Key Takeaways: The DC Metro townhome median sold price was $614,410 in March 2026 (Bright MLS). Homes sold in 11 days with pending sales up 10.1% year over year — the strongest demand growth of any property segment in the region. At 1.68 months of supply, townhomes are firmly in seller's market territory but offer slightly more options than detached single-family homes. The accessible middle ground in the DC Metro housing market.
If you've been searching for a home in the DC Metro and keep losing to all-cash buyers on single-family homes, townhomes are where the market starts to breathe. Not easy — but less brutal. The March 2026 data shows townhomes as the most active segment in the region by demand growth, with pending sales up 10.1% year over year and closed sales up 8.1%. Buyers are choosing townhomes, and they're doing it at scale.
Here's what Bright MLS reported for attached townhomes across the Washington DC Metro in March 2026.
DC Metro Townhome Statistics: March 2026
| Metric | March 2026 | vs. March 2025 | |---|---|---| | Closed Sales | 1,265 | +8.1% | | Median Sold Price | $614,410 | (region-wide) | | Median Days on Market | 11 days | — | | New Pending Sales | +10.1% YoY | Strongest demand growth of any segment | | Months of Supply | 1.68 | Lean seller's market |
Source: Bright MLS, March 2026, Washington D.C. Metro Area — Attached Townhomes
$614,410 Median: What Townhomes Actually Get You
At $614,410, the DC Metro townhome sits between condos ($385,000 Metro-wide median for condos in February) and detached single-family homes ($850,000 in March 2026). That price gap is the entire story of why townhomes are so active.

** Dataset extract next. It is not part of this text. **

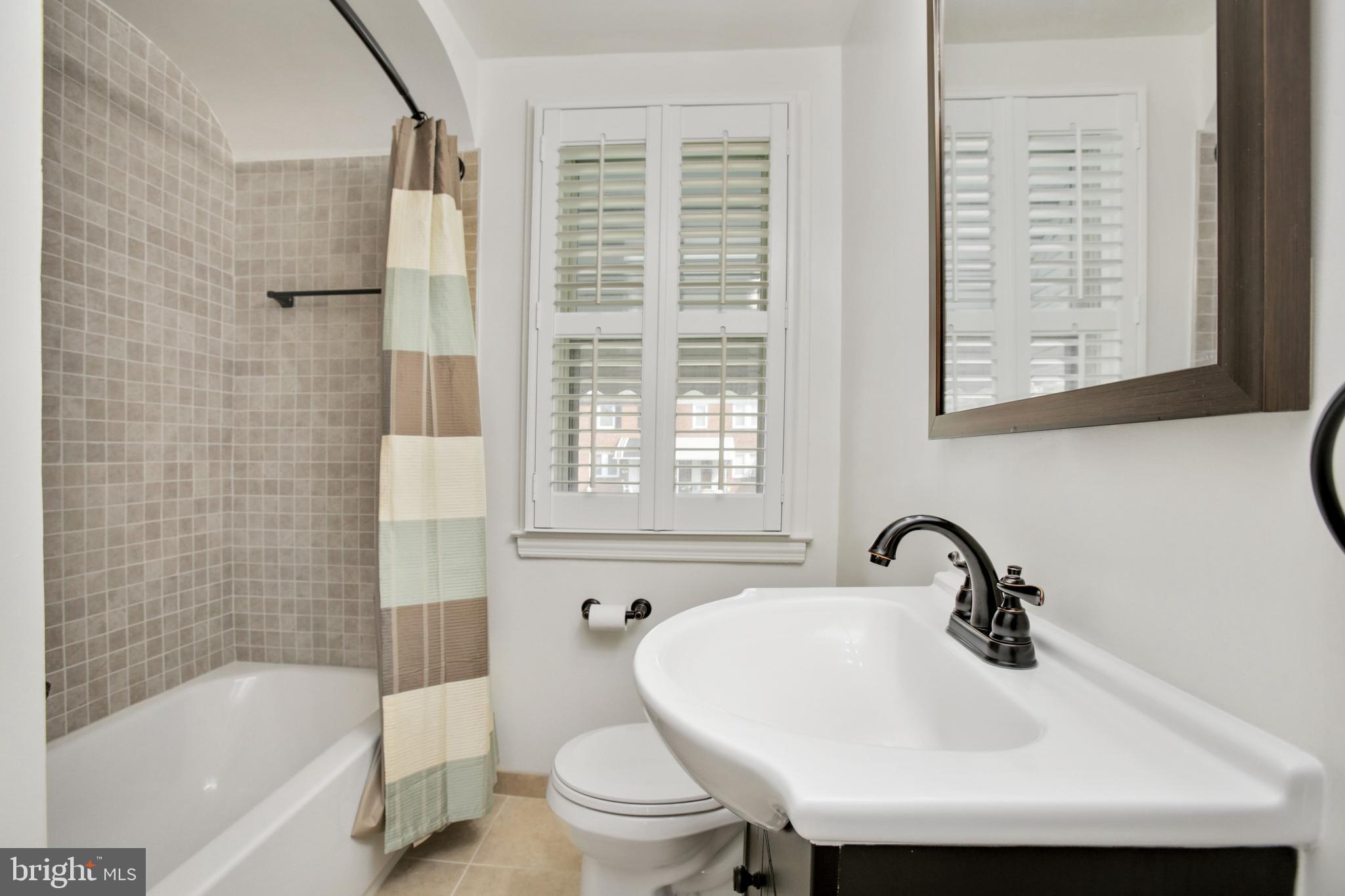 5021 West Hills Road Baltimore, MD 21229 - Photo 15 of 25 a bathroom with a sink a toilet and shower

What $614,410 buys varies significantly by location:
- Montgomery County, MD: A 3BR/2.5BA townhome in Gaithersburg, Germantown, or Rockville — often with garage, 1,400–1,800 sq ft, finished basement possible. The $650,000 MoCo median includes attached homes.

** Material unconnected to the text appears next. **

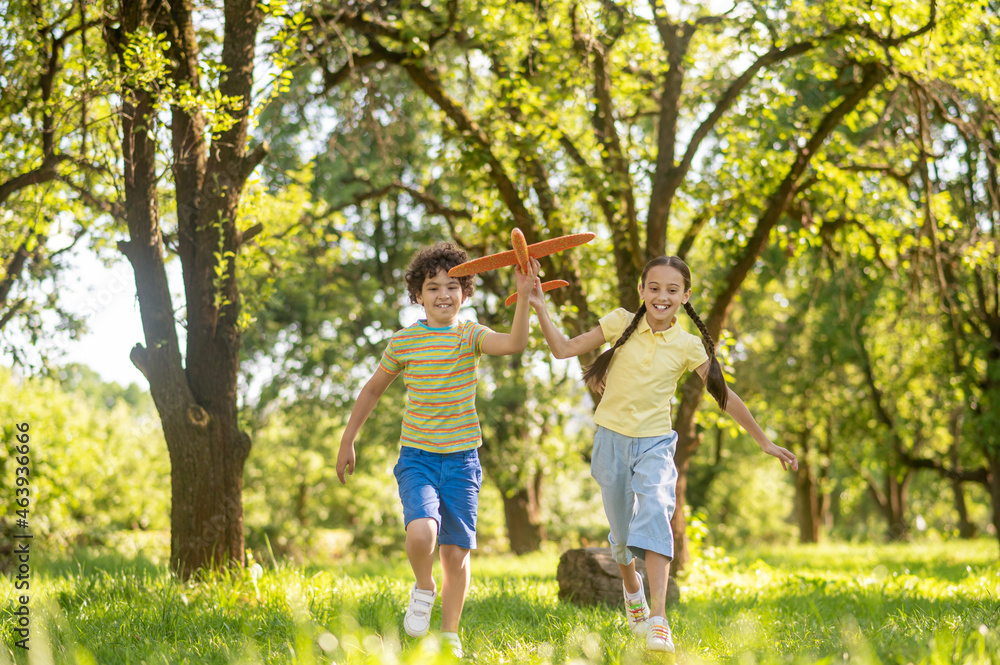 Boy and girl running with toy airplane Boy and girl running with toy airplane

- Fairfax County, VA: More house for the same money in Centreville, Reston, or Herndon. Townhomes in those corridors offer strong square footage relative to single-family in the same price range.

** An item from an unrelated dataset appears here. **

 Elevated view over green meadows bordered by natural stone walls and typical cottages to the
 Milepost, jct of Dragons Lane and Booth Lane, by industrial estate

- Arlington/Alexandria, VA: $614K buys an older 2–3BR townhome in secondary neighborhoods. Newer or more desirable locations push toward $750K+.
- Prince George's County, MD: Well-located 3–4BR townhomes in Bowie, Laurel, or Hyattsville, often with more lot and newer finishes for the money.
The $614K Metro-wide median compresses a lot of geographic variation. In practice, your budget's purchasing power shifts 20–30% depending on which side of a county line you're on.
11 Days on Market: Slower Than SFH, Faster Than You Think
At 11 days, the median townhome goes under contract four days slower than a single-family home (7 days) but significantly faster than a DC condo (30 days). Eleven days sounds manageable — but only if you understand what it actually looks like on the ground:
- Thursday/Friday: Listed
- Weekend: Showings, often 20–40 scheduled in 48 hours on well-priced homes
- Monday morning: Seller sets offer deadline
- Monday/Tuesday: Seller reviews offers
- Day 11: Under contract
The difference between townhomes and SFH at this point is that townhomes occasionally give buyers a second weekend — particularly if the home is priced toward the upper end of its range or in a less-trafficked neighborhood. Single-family homes rarely do.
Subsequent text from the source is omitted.